Let's be honest. Before I moved to Cobourg, I had zero gardening experience. My last attempt was in our last home in Ayr (it's OK if you've never heard of Ayr), just outside of Cambridge, Ontario.
I inherited my garden plot from the previous homeowner. It was roughly four feet by eight feet and it kept me way too busy. Maybe because I was working full-time or maybe because I never did any research into planting stuff, but I sucked at it.
My first year, I planted 10 tomato plants in an area of soil which probably could have supported two. It was my first jungle and the branches turned into a twisted secret garden.
Then I tried strawberries. Nobody told me they had to be maintained in an orderly fashion. I just let them be. My harvest consisted of two pathetic red clumps.
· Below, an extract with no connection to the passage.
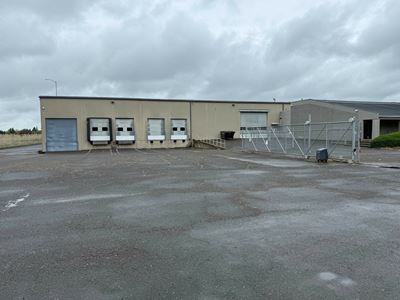 Warehouse/Office/Yard with Great Freeway Exposure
And now I'm in Cobourg and at the coaxing of my loving wife, I "volunteered" at the local community garden, part of the Villa St. Joseph Retreat & Ecology Centre, run by the Sisters of St. Joseph. For two days I dug out raspberry bushes. And to be honest, I enjoyed it. But at the end of my second day, Sister Linda (bless her heart) offered me my own garden plot and all the manure I could shovel after all my hard work.
As tempting as that sounded, I just wasn't sure if I wanted to become a part-time farmer. The plots were at least a quarter of an acre (OK, they're 10 feet by 20 feet at best) and I was busy deciding what to do in retirement.
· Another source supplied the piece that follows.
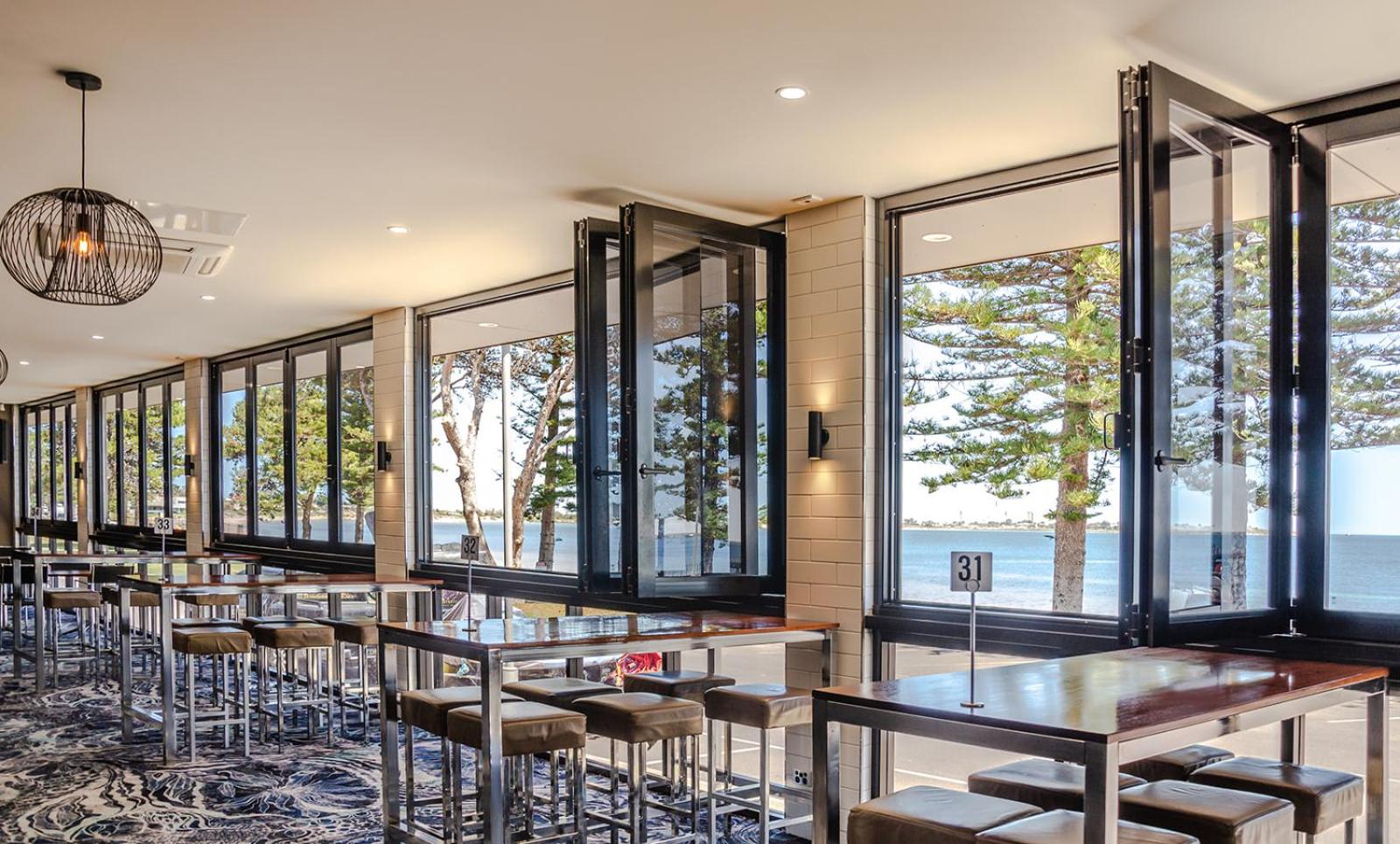 Ceduna Foreshore Hotel Motel 42/48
My wife "suggested" that I would love it, plus it would get me out of the house. So last June, I ventured into the world of gardening. While I purchased my $1.39 tomato cages, my fellow gardeners were creating teepee-size structures for their vegetables.
The regulars at the garden just shook their heads at me in those early days, but soon they took pity and offered some much needed advice.
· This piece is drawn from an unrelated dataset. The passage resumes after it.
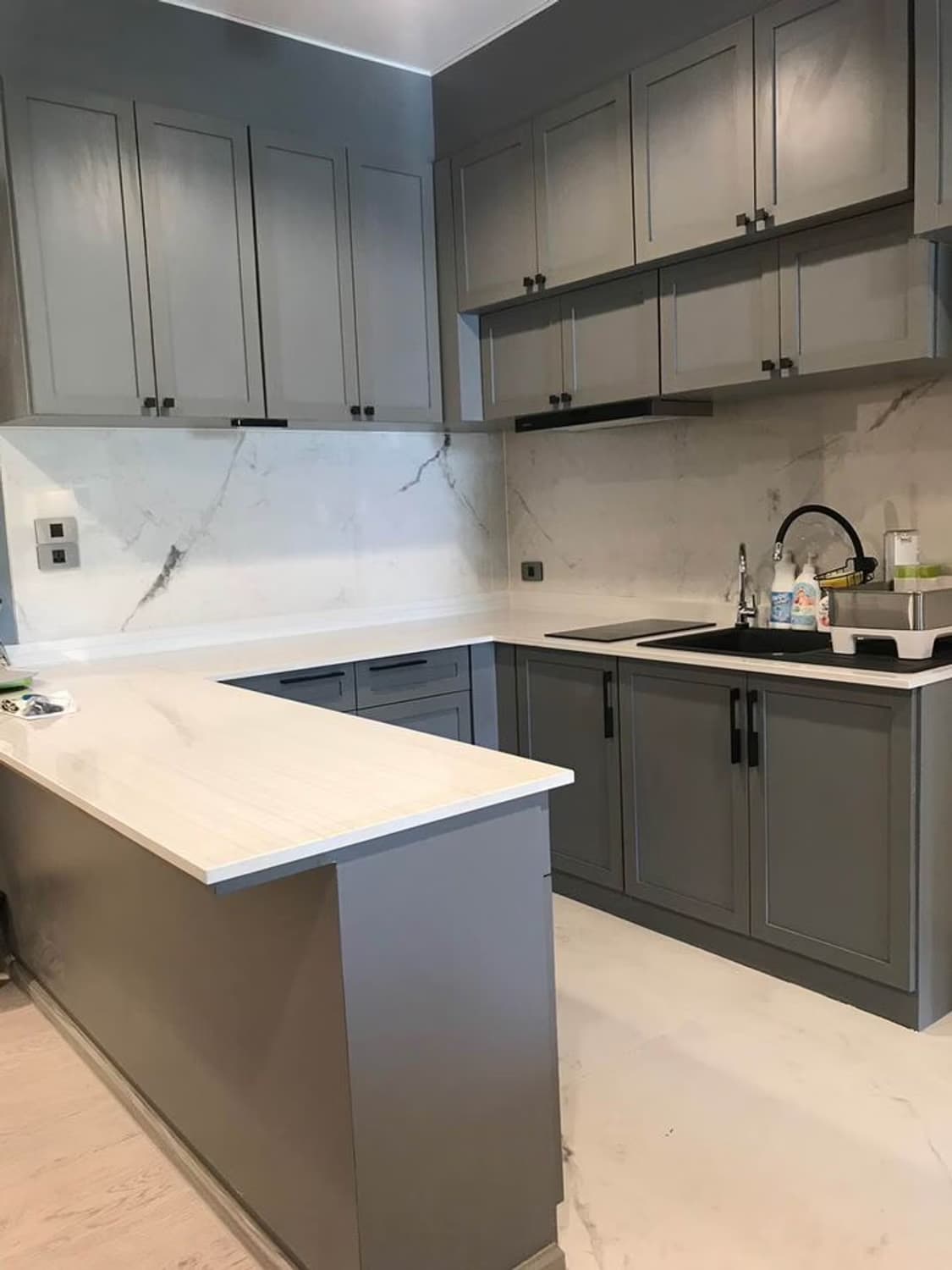 1 Bed Condo for Rent in Phaya Thai - Image 3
• stop planting everything so close together;
• cover the ground in straw to control mould and keep the moisture in the ground;
• don't putter in your garden during the hottest time of the day;
• "where's your GD hat!!" (GD is swear words).
By the end of my first season I had way too many tomatoes, two types of lettuce, yellow beans coming out my…, beets, onions and a new appreciation for live produce. There's nothing like walking along the lakefront to your own garden and picking fresh vegetables for a salad.
I also helped build a log tool shed to keep all the equipment that the St. Joseph sisters and some of the local gardeners provide. I'm not handy, so I was impressed with what I was able to accomplish – thanks to my building mentor Peter Woodward.
Heck, this summer I might expand to two plots.